Dataset entries
▽

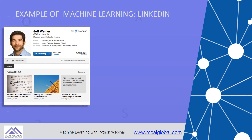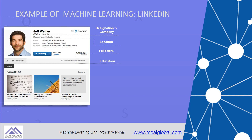Let's look at how LinkedIn uses machine learning to provide better services. LinkedIn knows your designation and the company where you work, your location, and how many followers you have — the more followers, the more important you are.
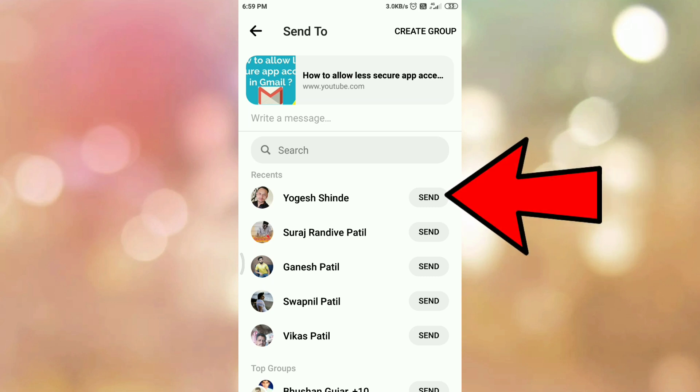Then click on send button in front of the contact to whom you want to send the video. So click on send button.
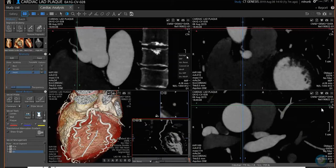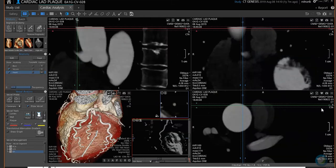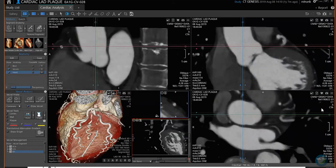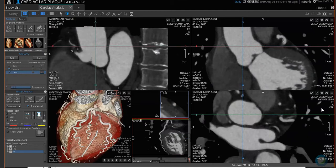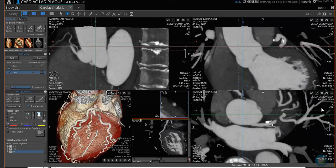Average is used for a non-MIP viewing mode. Average is only used if your slice thickness is 1mm or less — if you hit Average, you'll see it's kind of blurry.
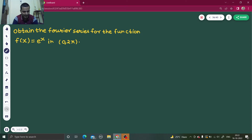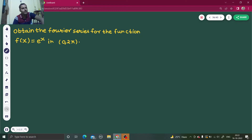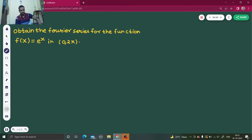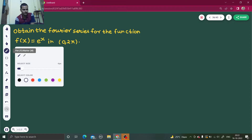Hello everyone, Namaskar. I hope you are in the best of your health at the moment and also enjoying your studies. Let's solve one question from Fourier series. It says: obtain the Fourier series for the function f(x) = e^x in 0 to 2π. Okay, so let's move on with this.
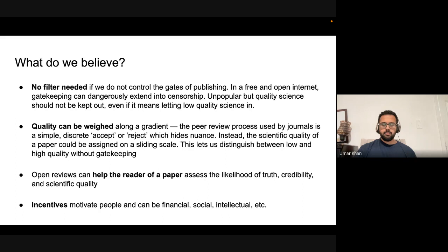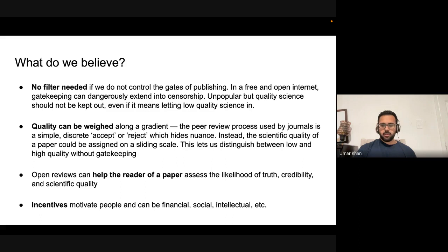Finally, we believe in incentives that motivate people - they can be financial, social, or intellectual - and we're interested in exploring how those different incentives in the peer review process can be adjusted for maximum effect. So these are the principles we started with: we don't want to filter, we do want to be a feedback mechanism, we do want to weigh quality along a gradient, we do want to help the reader, and we want to incentivize peer review so that more of it happens at higher quality.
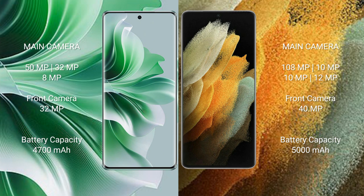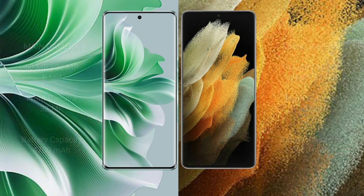OPPO Reno 11 Pro: 4700 mAh battery with 80W fast charging support. Samsung Galaxy S21 Ultra: 5000 mAh battery with 25W fast charging support.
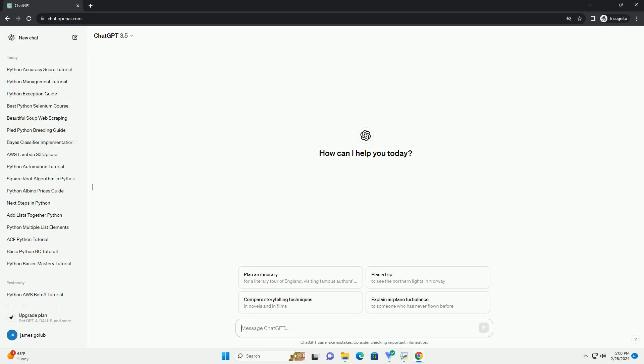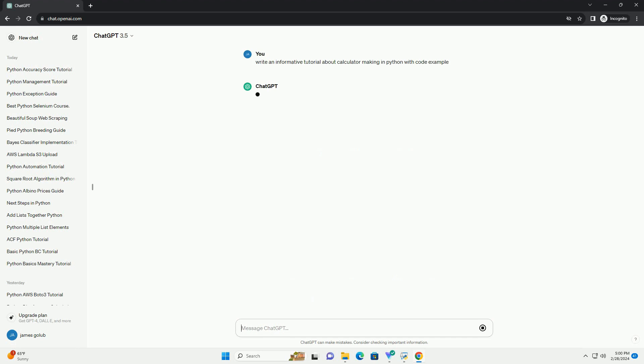Run the code online or download from codegive.com, link in the description below. Here's a tutorial on how to create a simple calculator in Python using basic arithmetic operations.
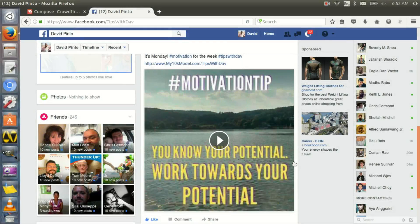Welcome to Tips with Dave. I'm really excited today because I'm going to be talking about a tool that's going to help you with whatever you want to do with marketing. I really want to apologize that I haven't been showing my face lately, but I don't have a camera — my laptop webcam is not working. But I still wanted to put videos out, because there are no excuses when it comes to providing value for you guys.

△

The line with "Run the code" marks the end: restate word for word every line from the top of the data through that one, omitting pictures.

Let's look at how LinkedIn uses machine learning to provide better services. LinkedIn knows your designation and the company where you work, your location, and how many followers you have — the more followers, the more important you are.
Then click on send button in front of the contact to whom you want to send the video. So click on send button.
Average is used for a non-MIP viewing mode. Average is only used if your slice thickness is 1mm or less — if you hit Average, you'll see it's kind of blurry.
Hello everyone, Namaskar. I hope you are in the best of your health at the moment and also enjoying your studies. Let's solve one question from Fourier series. It says: obtain the Fourier series for the function f(x) = e^x in 0 to 2π. Okay, so let's move on with this.
Finally, we believe in incentives that motivate people - they can be financial, social, or intellectual - and we're interested in exploring how those different incentives in the peer review process can be adjusted for maximum effect. So these are the principles we started with: we don't want to filter, we do want to be a feedback mechanism, we do want to weigh quality along a gradient, we do want to help the reader, and we want to incentivize peer review so that more of it happens at higher quality.
OPPO Reno 11 Pro: 4700 mAh battery with 80W fast charging support. Samsung Galaxy S21 Ultra: 5000 mAh battery with 25W fast charging support.
Run the code online or download from codegive.com, link in the description below. Here's a tutorial on how to create a simple calculator in Python using basic arithmetic operations.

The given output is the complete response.